Equity markets have been going up steadily and consistently for quite some time. For example the S&P500 has risen each month since 0ct 2016.
It is historically unheard of to avoid ‘down months’ for 15 months in succession. Additionally, market volatility has been very low. Against this backdrop of serene market ascendancy, we have experienced a short modest correction and spike in volatility.
The trigger initially seemed to have been the US Department of Labour Wage data, released in February.
So, what is really going on?
The economic data in the USA and the rest of the World has been very strong of late, something which we as advisers have been keeping a close eye on. Global economic growth is accelerating and this is leading to bond yields rising, not just in the States, but places like Germany as well. This is one of the factors behind our cautious stance on bonds as an asset class.
Rising bond yields can be a good thing as they are a sign of a return to more normal economic conditions. Rather than a monetary policy mistake (fear of rising inflation), higher yields across the globe reflect increasing comfort with the growth and inflation outlook.
Despite the recent move up, bond yields remain low both by historical standards and where you would expect them to be given where economic growth and inflation currently stand.
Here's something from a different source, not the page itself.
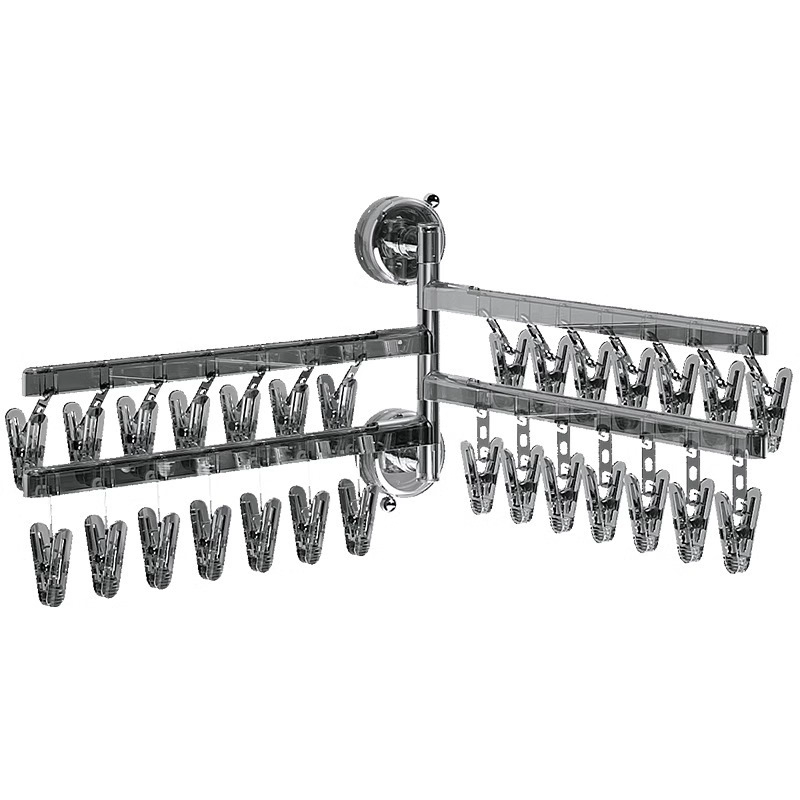 吸盘袜子晾晒架多夹子折叠家用阳台防风挂内衣内裤晾晒架子脸盆架,淘宝优惠券,粉丝福利购,淘宝优惠卷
Central Banks also remain conscious of the need to gradually tighten interest rate polices, rather than spring any nasty surprises.
What does this all mean?
We’ve had a sharp sell-off in equities recently, but in reality nothing has fundamentally changed in the real economy. The economic data out of the USA continues to be very strong, as is the data from Europe, Japan and China.
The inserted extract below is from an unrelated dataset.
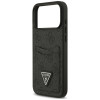 Guess 4G Double Card Triangle Case for Apple iPhone 18 Pro Max / 17 Pro Max, Black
Normally when equity markets sell off, the more defensive and reliable shares hold up the best and the most economically sensitive stocks do the worst. But this correction has been more random – Miners have held up well, but Utilities have been very weak.
So there seems to be no real underlying message in terms of which shares are leading the fall. That is important as it suggests no underlying genuine market concerns about the economy. This feels like a stock market correction rather than something more fundamental.
After a period of unprecedented tranquillity in equity markets (bonds have, by contrast been far from calm), we are now looking at more normal levels of volatility and portfolios should be constructed and positioned taking this into account.